I write to feel your fingertips on my skin, to breathe in that smell of your conditioner, of faint smoke, of sweat and cologne, and of earth. I write to remember the little pieces of you—the hair that always fell in front of your eyes, the curve of your mouth, the little wrinkle under your eye, and the scar on your forehead. I write our memories into existence on paper, our bodies twirling and dancing in the foggy, midnight air of a Minneapolis bar, our kisses exchanged in a car idling outside your apartment front door. I write to bring life to the drunken nights, to the sleepy mornings, to the times I cried and you cried and we fought for something we believed in, wholeheartedly.

But somewhere along the way, we lost. And so I write to forget. I write of how you ran your fingers through your hair when you were tired, how you fell into a thick sleep in the late hours of morning, your back turned from me.
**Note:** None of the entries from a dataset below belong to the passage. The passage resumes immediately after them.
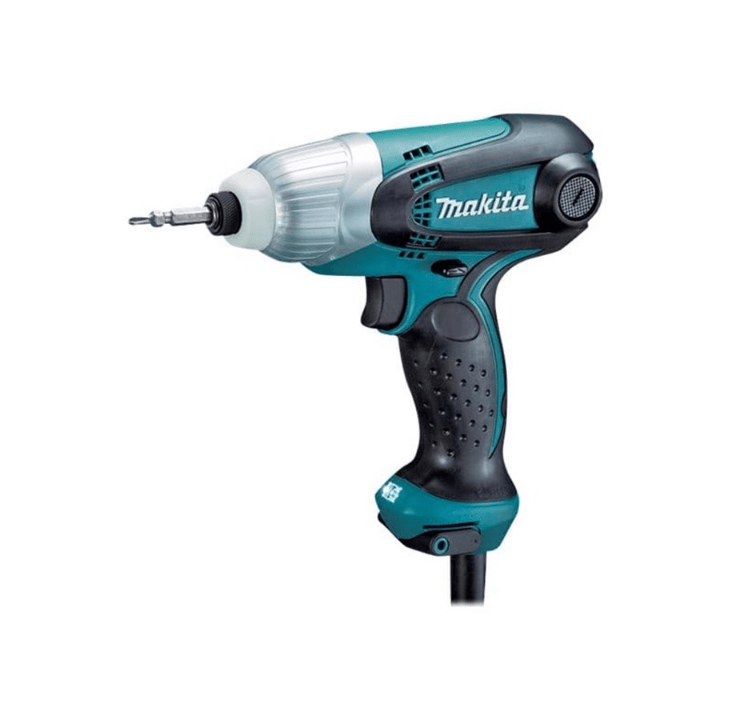 Makita TD0101F - impact driver - Lolli World Marketplace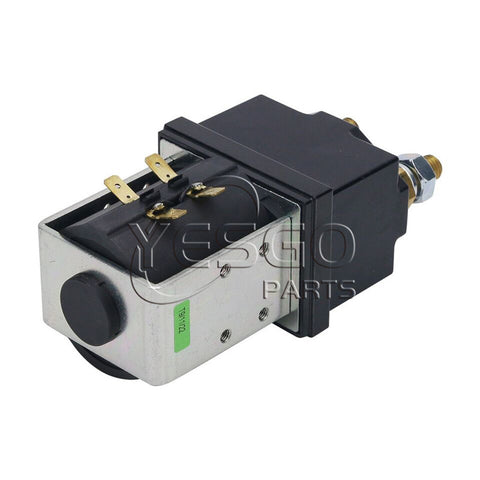 SW200-51 12V 400A Forklift DC Contactor Forklift for Albright Original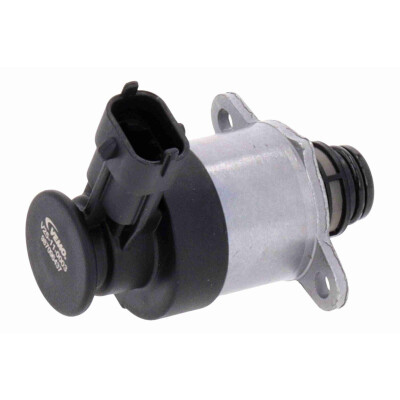 Valve de réglage, pression de carburant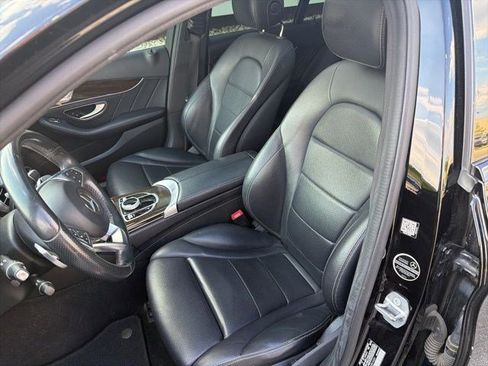 Used 2018 Mercedes-Benz C 300 Sedan image 14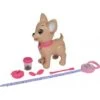 Chi Chi Love Poo Poo Puppy -Spielwarenladen chi chi love poo poo puppy 4006592043353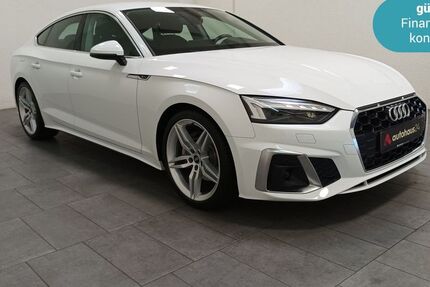 Audi A5 81.184 km 28.670 € Egelsbach 63329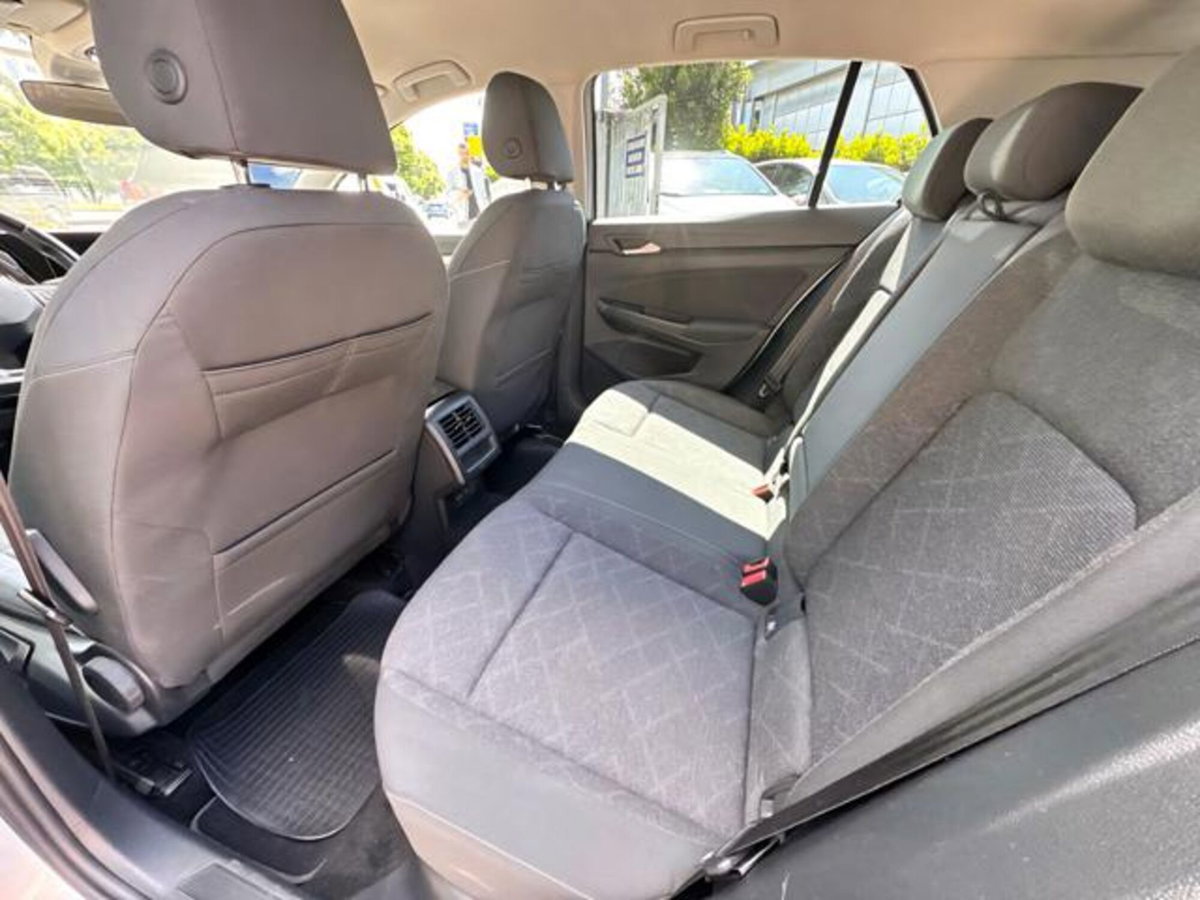 Volkswagen Golf Variant 1.5 TSI EVO ACT Style (9)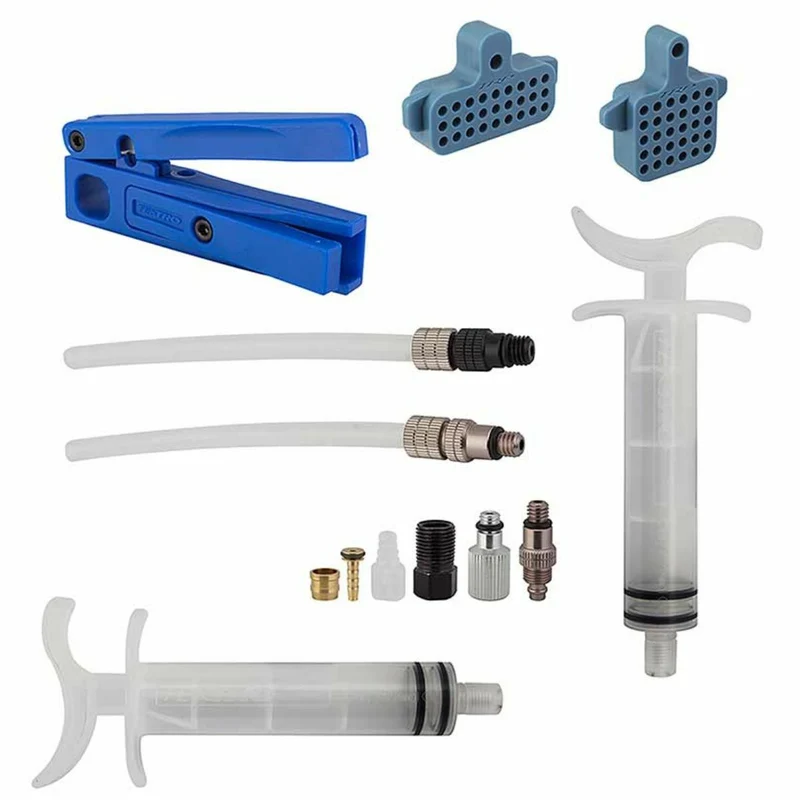 TRP, Trouse de purge advanced, Kit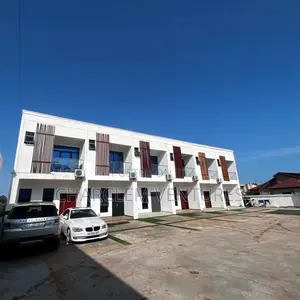 2bdrm House in Charclem Ventures, Ashaley Botwe for rent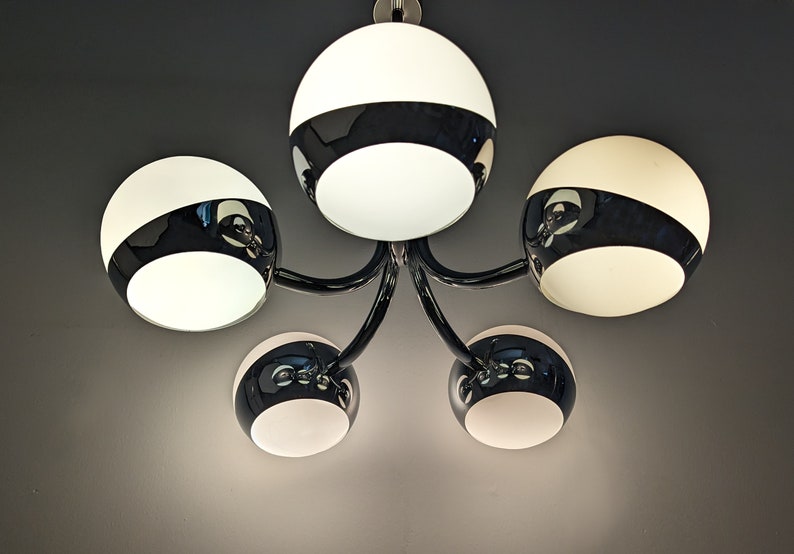 Stilnovo_1960s_Chrome_Space_Chandelier_Lamp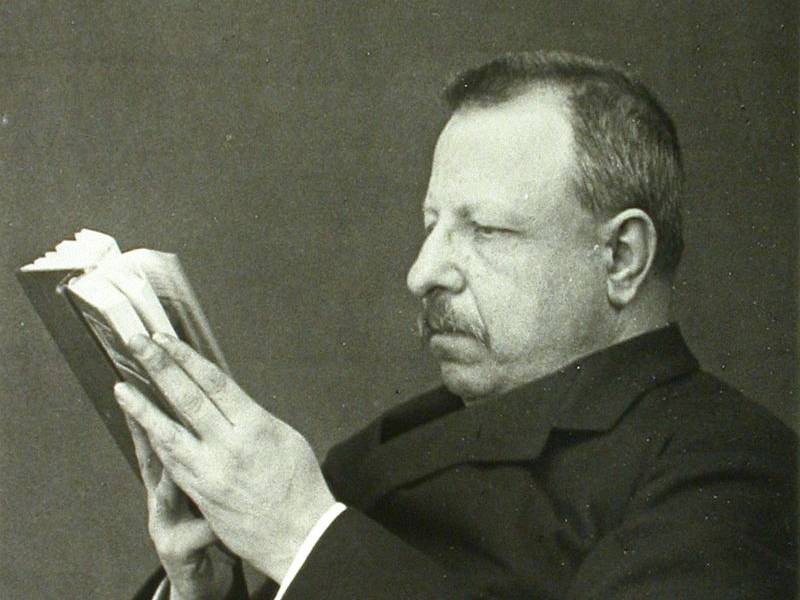 Benedetto Croce e l'Abruzzo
How we argued and loved and kissed and pulled away, severing the strings between us as if this was easy, as if we hadn’t sewn the last year of our lives together. As if we didn’t love with everything we had, hadn’t trusted in the impossible against our deepest fears.

I write to remember you. To remember the taste of your lips, the softness of your hands on my hips. But I write to forget. To bury these moments, these touches, these memories under layers of pen on paper, of words on a keyboard, of fragments of thought running in circles around my head.

You will always exist in the pages, yet I will forget you. An impermanent permanence. Invisible yet concrete.